Acrimed Les facéties d’Alexandre Adler : Ouverture de la chasse aux hitléro-trotskistes, Acrimed, 22 octobre 2008.
4,. En 2004 d'après Libération, Alexandre Adler gagnait l'équivalent de 3 800 par mois pour cinq ridicules chroniques hebdomadaires, la plupart faites depuis son téléphone portable, quand elles ne sont pas pré-enregistrées.
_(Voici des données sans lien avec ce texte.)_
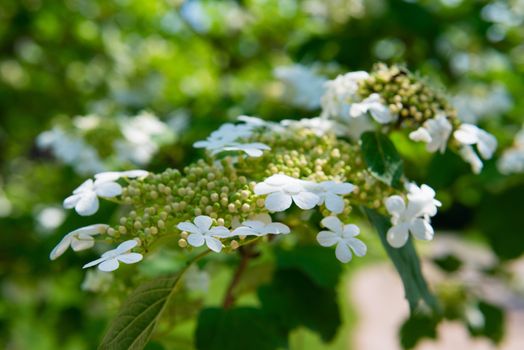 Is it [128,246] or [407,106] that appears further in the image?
[407,106]

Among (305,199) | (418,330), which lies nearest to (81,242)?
(305,199)

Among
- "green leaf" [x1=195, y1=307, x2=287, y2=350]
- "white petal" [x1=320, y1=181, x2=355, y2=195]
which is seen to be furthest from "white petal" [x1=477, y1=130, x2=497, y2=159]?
"green leaf" [x1=195, y1=307, x2=287, y2=350]

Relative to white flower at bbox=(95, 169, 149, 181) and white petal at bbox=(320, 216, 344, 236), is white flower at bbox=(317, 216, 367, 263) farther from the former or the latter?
white flower at bbox=(95, 169, 149, 181)

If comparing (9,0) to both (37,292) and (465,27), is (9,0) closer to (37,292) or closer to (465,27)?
(37,292)

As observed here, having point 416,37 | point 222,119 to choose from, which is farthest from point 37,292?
point 416,37

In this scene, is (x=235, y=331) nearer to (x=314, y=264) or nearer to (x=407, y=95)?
(x=314, y=264) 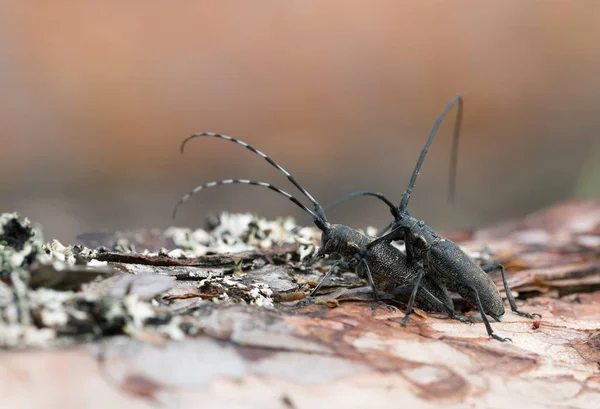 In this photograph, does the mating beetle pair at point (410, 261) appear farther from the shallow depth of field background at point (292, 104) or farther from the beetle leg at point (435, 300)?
the shallow depth of field background at point (292, 104)

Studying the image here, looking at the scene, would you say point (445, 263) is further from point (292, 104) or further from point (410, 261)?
point (292, 104)

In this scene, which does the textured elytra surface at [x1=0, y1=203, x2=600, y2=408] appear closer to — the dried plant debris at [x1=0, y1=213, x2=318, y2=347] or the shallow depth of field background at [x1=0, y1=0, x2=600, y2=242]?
the dried plant debris at [x1=0, y1=213, x2=318, y2=347]

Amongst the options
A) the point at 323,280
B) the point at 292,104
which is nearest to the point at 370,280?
the point at 323,280

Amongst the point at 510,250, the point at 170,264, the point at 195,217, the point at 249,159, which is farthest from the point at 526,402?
the point at 249,159

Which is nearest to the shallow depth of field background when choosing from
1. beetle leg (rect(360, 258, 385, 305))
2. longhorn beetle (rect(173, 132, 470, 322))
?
longhorn beetle (rect(173, 132, 470, 322))

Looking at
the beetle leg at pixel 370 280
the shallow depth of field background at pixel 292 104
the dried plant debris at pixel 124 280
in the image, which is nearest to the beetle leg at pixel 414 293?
the beetle leg at pixel 370 280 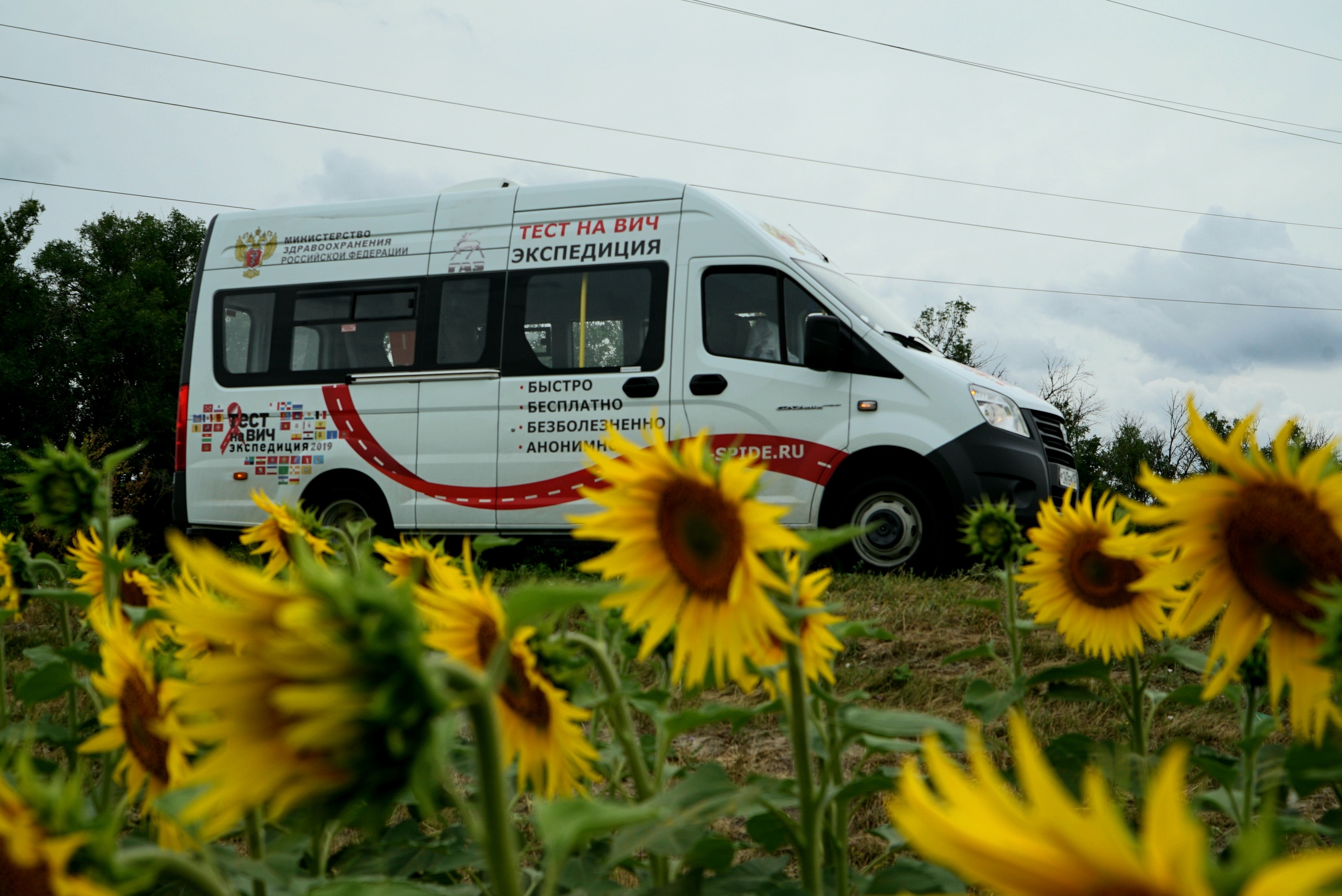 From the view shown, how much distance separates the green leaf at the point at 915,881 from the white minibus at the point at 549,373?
209 inches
5. Il n'était pas bien difficile de comprendre que revival est dérivé du latin revivere, qui a donné revivre, et que sa signification est empruntée au mot renaissance, comme dans "renaissance des lettres" (Dictionnaires d'étymologie de langue française et anglaise). Tout ça pour dire, sans prétention philologique, qu'il était bien spécieux d'invoquer l'indicible caractère contemporain des phénomènes visés.
6. La reviviscence est l'action de reprendre vie mais aussi la propriété que possèdent certains êtres inférieurs de reprendre une vie active après une période de dessication. On en attend les premiers signes chez les chroniqueurs de la tranche matinale d'information de France Culture.
7. Cornélius Castoriadis, L'institution imaginaire de la société, Points seuil Essais, Paris, 1999, p. 322.
8. Une écoute distraite du début de l'émission a fait que j'ai ommis d'en retranscrire le contenu, alors qu'elle en résumait déjà tout l'esprit, notamment dans ce "revivalisme"...
illustration: Pablo Picasso, Au théâtre: scène dans le style des Mille et une nuits, 16 Novembre 1966, Paris, Musée Picasso.